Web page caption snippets
━━━

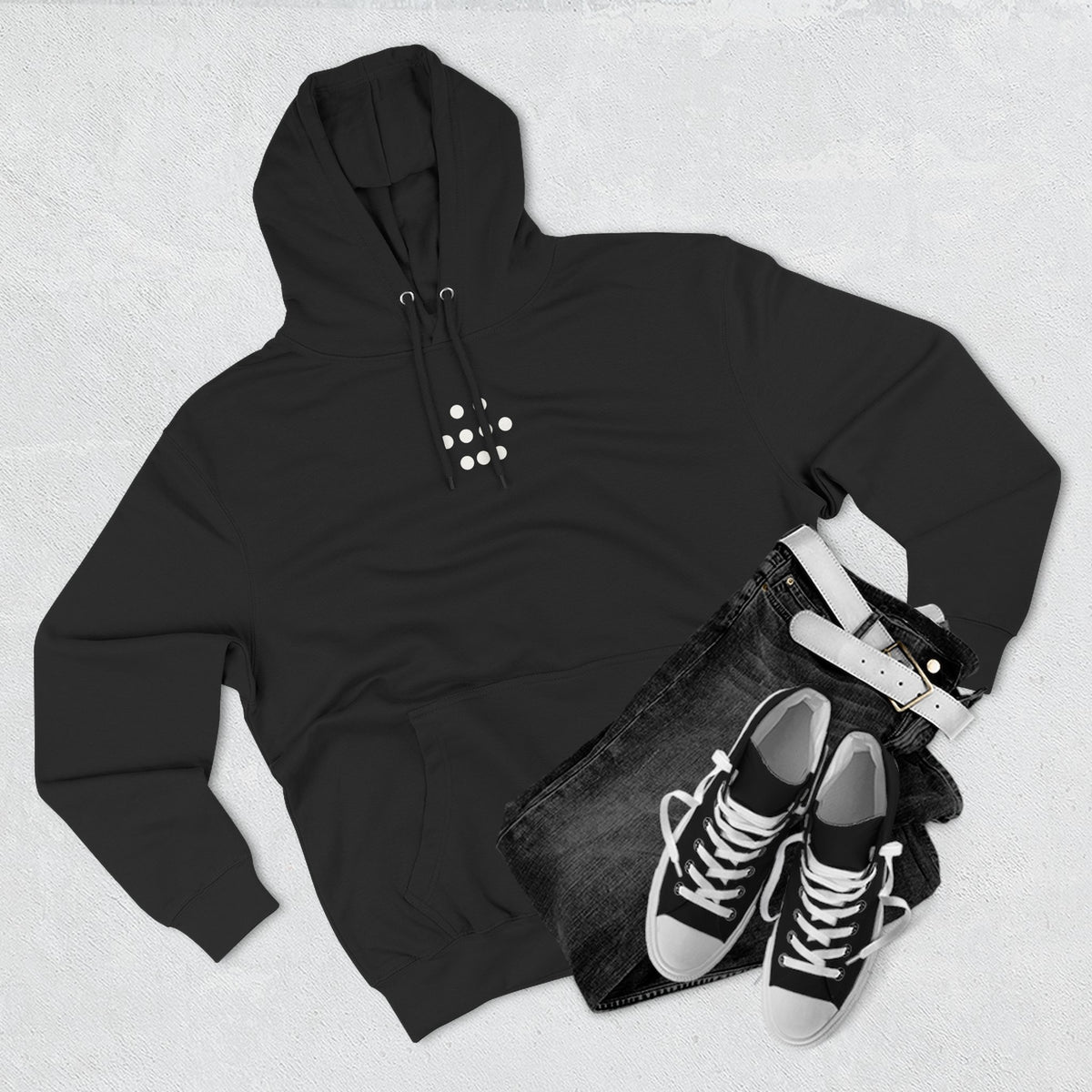 Black nine-dot hoodie shown in a flat lay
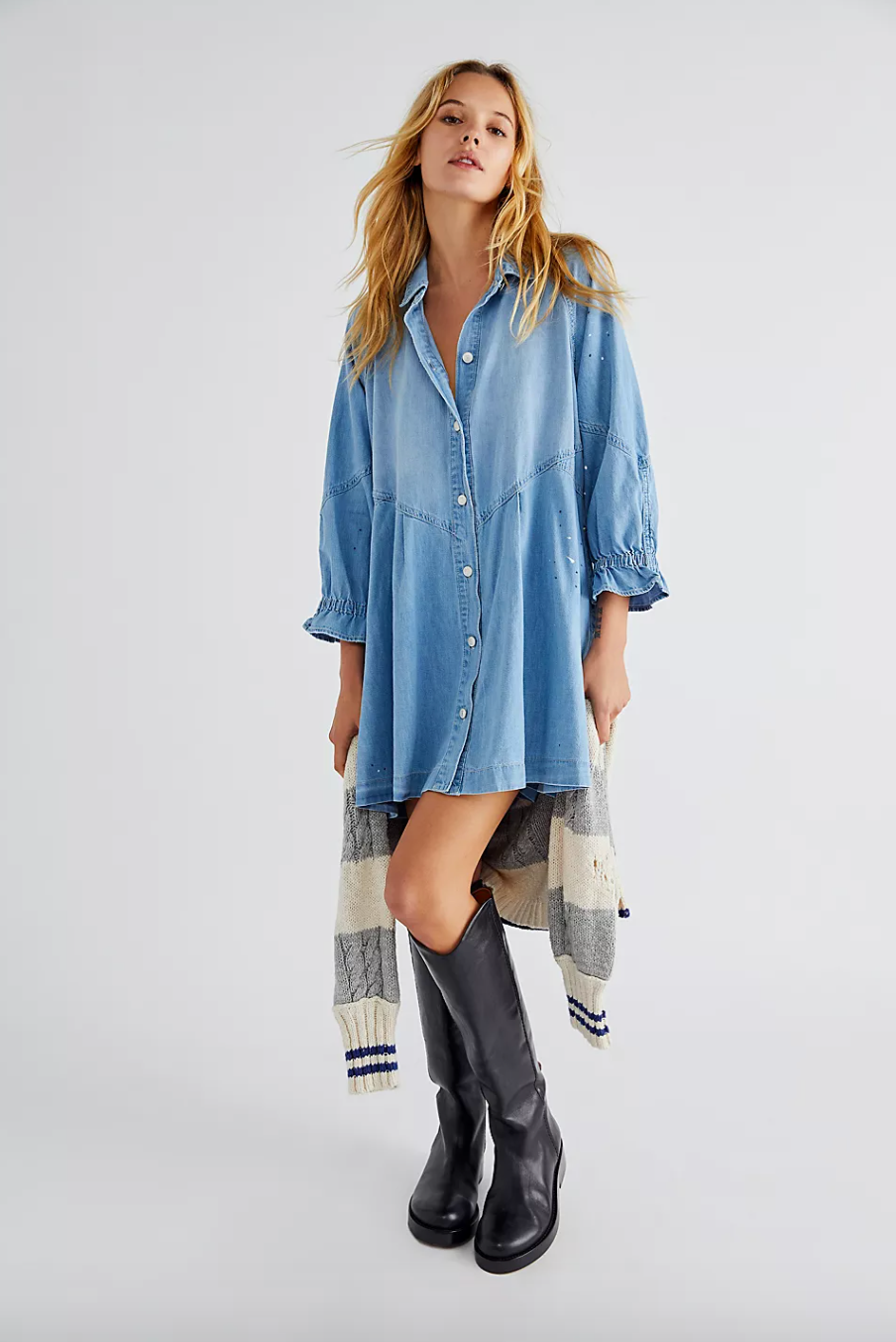 Model in button up denim midi dress with 3/4 length sleeves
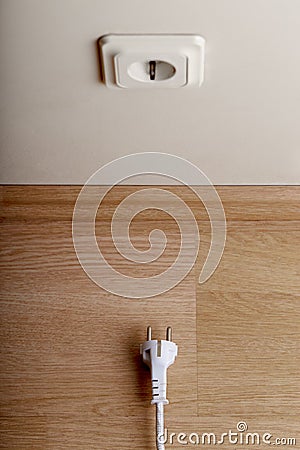 A bit more. White power socket on beige wall at low height from the floor and a short cable Stock Photo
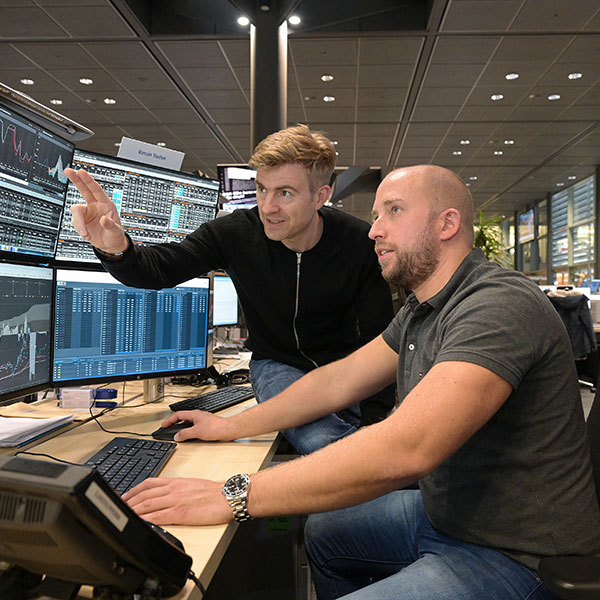 Zwei Personen analysieren Daten an einem Schreibtisch mit mehreren Bildschirmen, die Finanzinformationen zeigen.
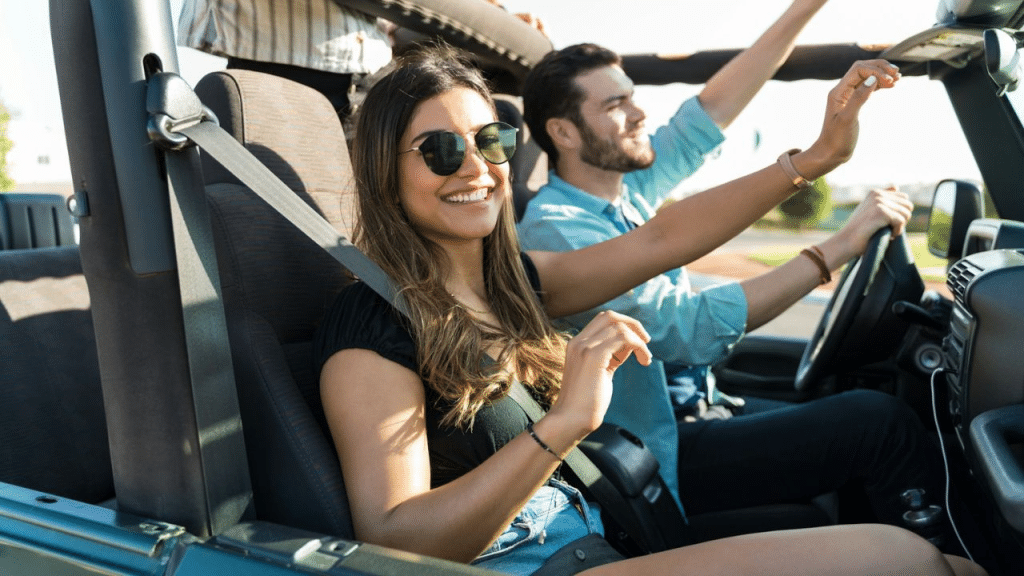 A happy young woman in sunglasses smiles as she rides in a convertible with friends.
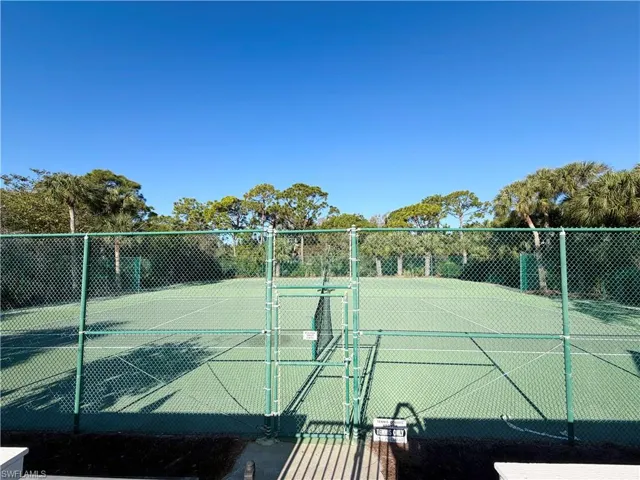 View of tennis court featuring a gate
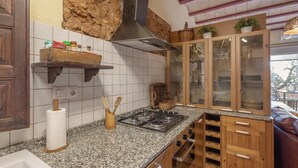 A kitchen with granite countertops, wooden cabinets, a gas stove, and a hanging pot rack.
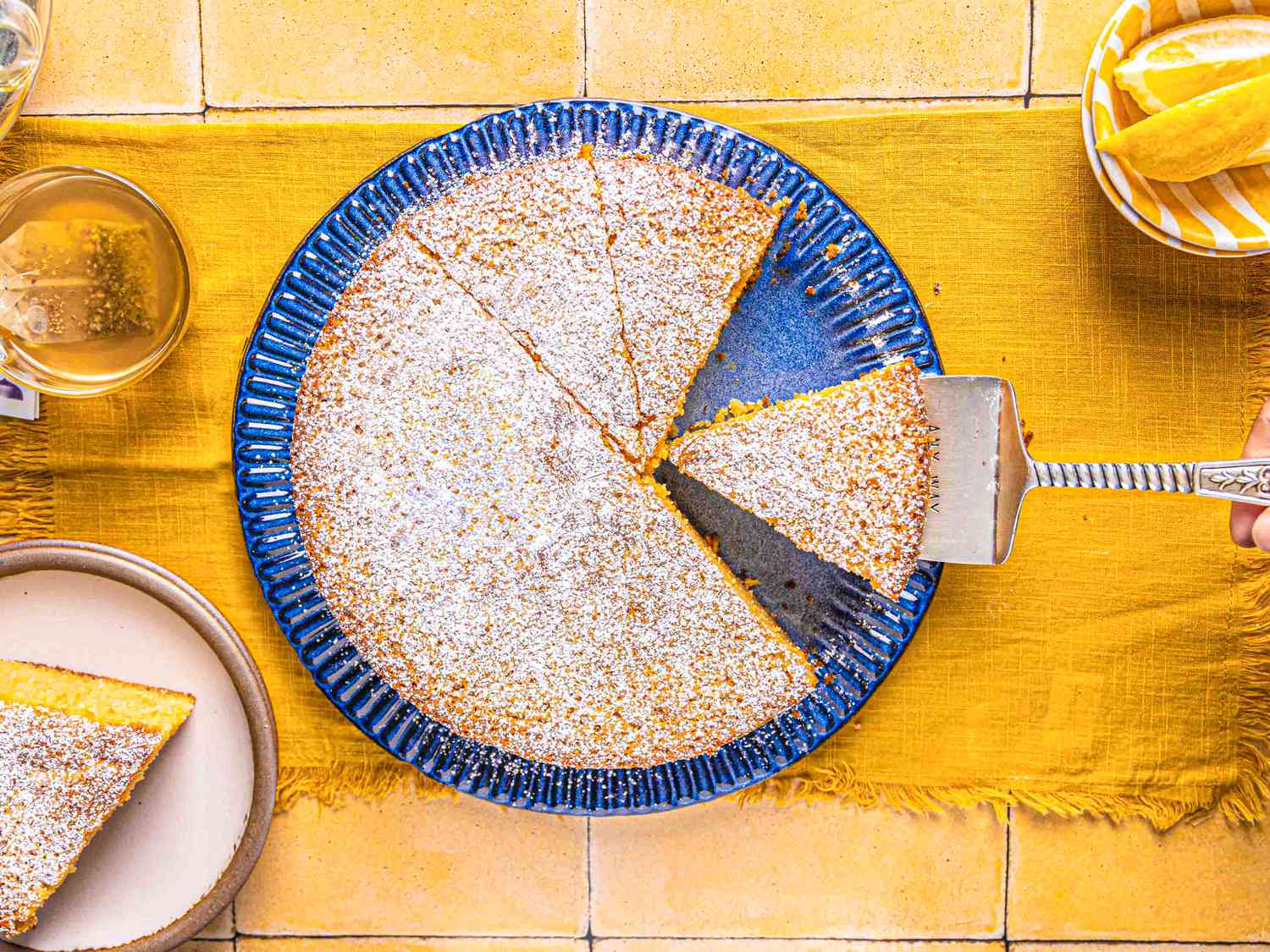 Overhead view of lemon ricotta cake being slices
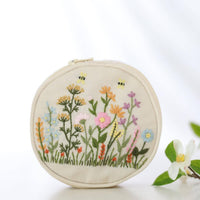 Hand embroidered jewelry pouch in cream linen with colorful wildflower and bee embroidery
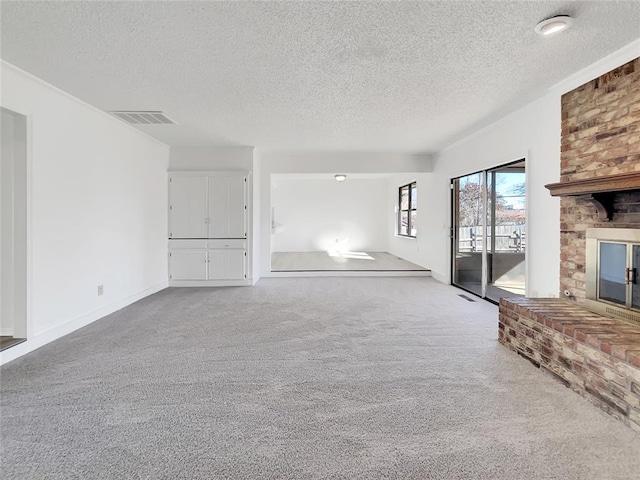 unfurnished living room with a fireplace, light carpet, and a textured ceiling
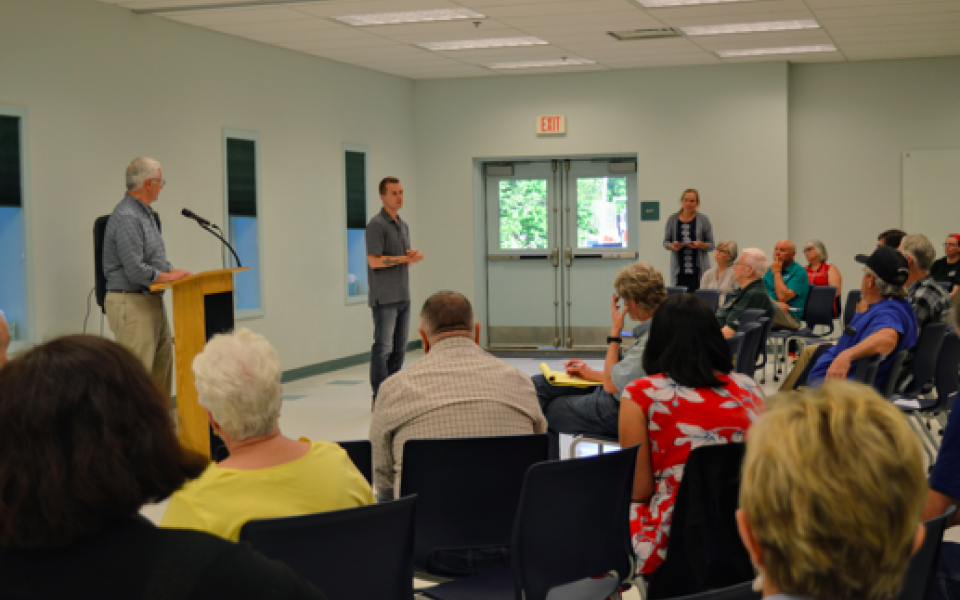 Congressman Jared Golden speaks at a town hall.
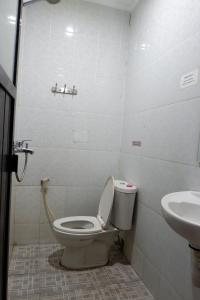 a bathroom with a toilet and a sink at Hy ReDz in Palopo +23 photos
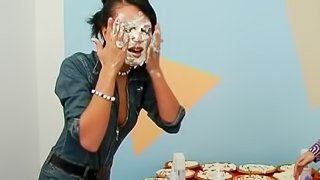 Ladies throw pies on each others faces and make a mess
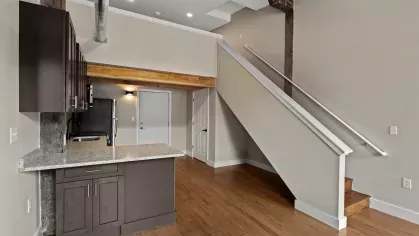 Entryway and kitchen view with exposed ceiling beams, granite breakfast bar, and staircase leading to lofted space.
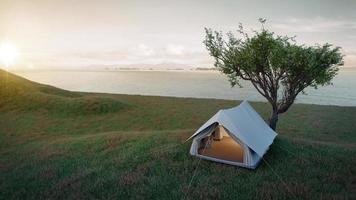 camping.evening scence.tent debajo del gran árbol en un prado, colina, montañas con fondo de mar. Representación 3d foto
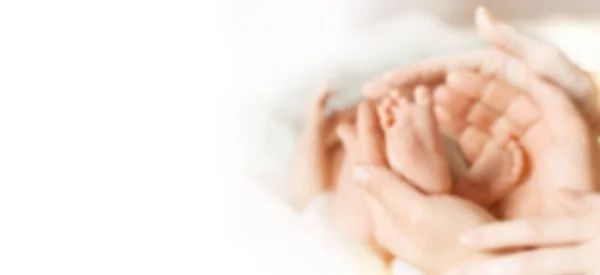 Blurred image for the advertising text. photo with copy space. legs newborn baby in the hands of his parents — Stock Photo, Image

━━━

= Problem to solve =
Quote every line of the records above exactly; no picture is to be copied.

= Answer below =
 Black nine-dot hoodie shown in a flat lay
 Model in button up denim midi dress with 3/4 length sleeves
 A bit more. White power socket on beige wall at low height from the floor and a short cable Stock Photo
 Zwei Personen analysieren Daten an einem Schreibtisch mit mehreren Bildschirmen, die Finanzinformationen zeigen.
 A happy young woman in sunglasses smiles as she rides in a convertible with friends.
 View of tennis court featuring a gate
 A kitchen with granite countertops, wooden cabinets, a gas stove, and a hanging pot rack.
 Overhead view of lemon ricotta cake being slices
 Hand embroidered jewelry pouch in cream linen with colorful wildflower and bee embroidery
 unfurnished living room with a fireplace, light carpet, and a textured ceiling
 Congressman Jared Golden speaks at a town hall.
 a bathroom with a toilet and a sink at Hy ReDz in Palopo +23 photos
 Ladies throw pies on each others faces and make a mess
 Entryway and kitchen view with exposed ceiling beams, granite breakfast bar, and staircase leading to lofted space.
 camping.evening scence.tent debajo del gran árbol en un prado, colina, montañas con fondo de mar. Representación 3d foto
 Blurred image for the advertising text. photo with copy space. legs newborn baby in the hands of his parents — Stock Photo, Image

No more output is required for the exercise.